__Instructions to follow__: Please write out the listing exactly, leaving each picture out.

Dataset excerpt START

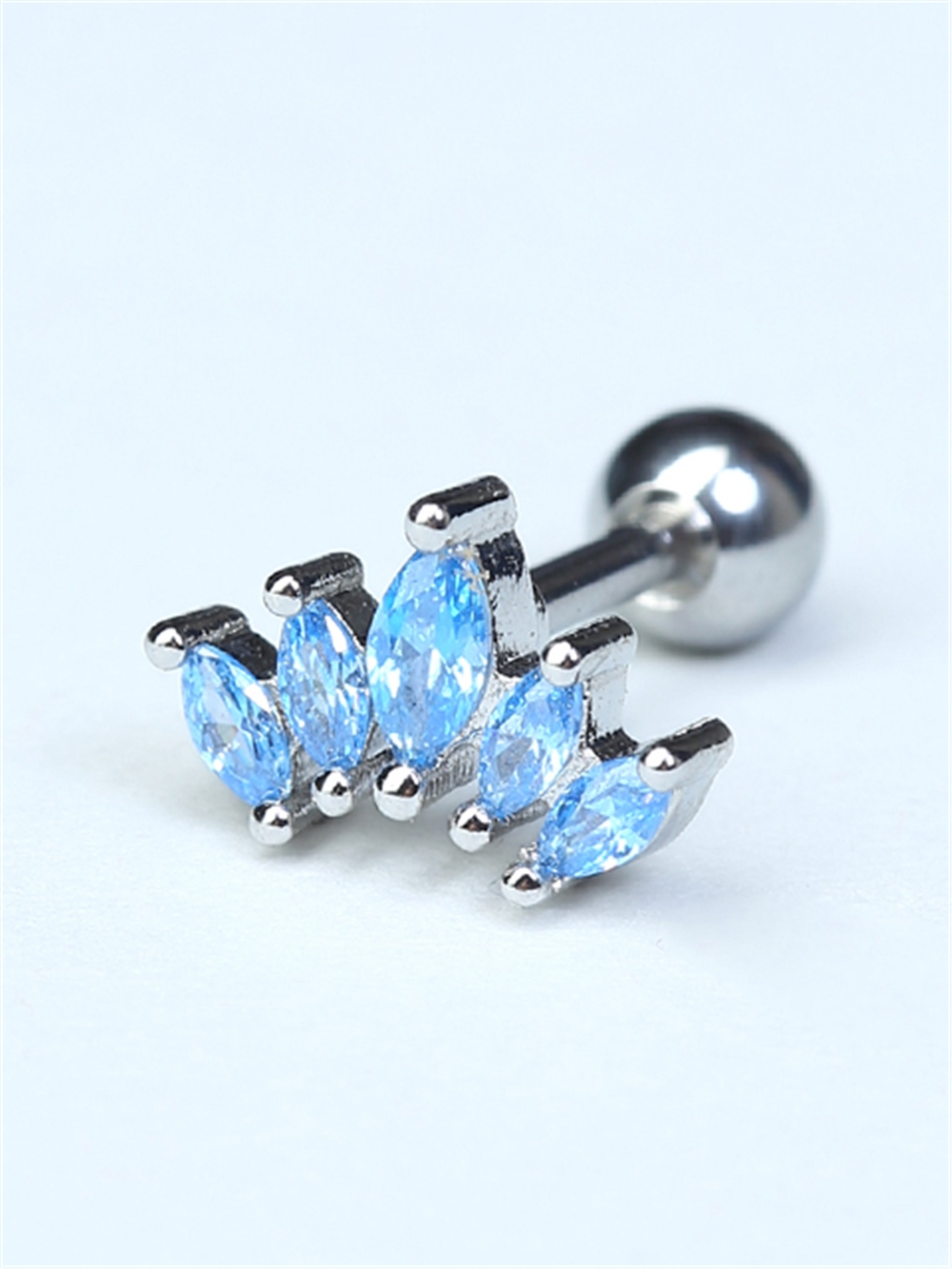 Beşli Markiz Mavi Taş Silver Piercing
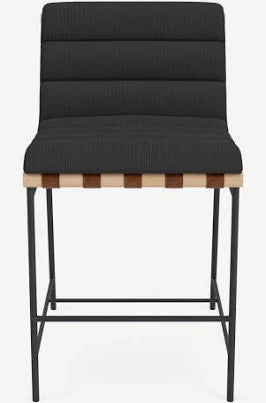 Denver Modern Vail Bar Stool Charcoal Boucle White Oak Dowel FFE258-259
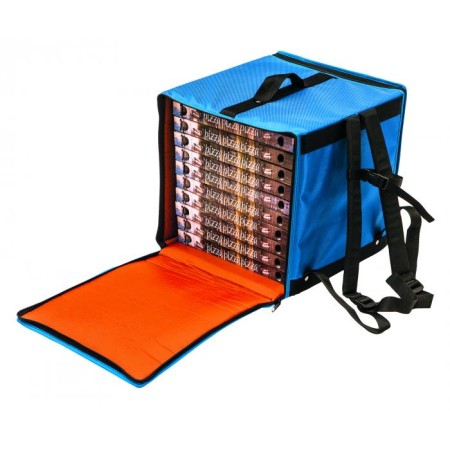 Borsa termica rigida a zaino per 10 cartoni pizza ø 33 cm zip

Dataset excerpt END

__Response box__:
 Beşli Markiz Mavi Taş Silver Piercing
 Denver Modern Vail Bar Stool Charcoal Boucle White Oak Dowel FFE258-259
 Borsa termica rigida a zaino per 10 cartoni pizza ø 33 cm zip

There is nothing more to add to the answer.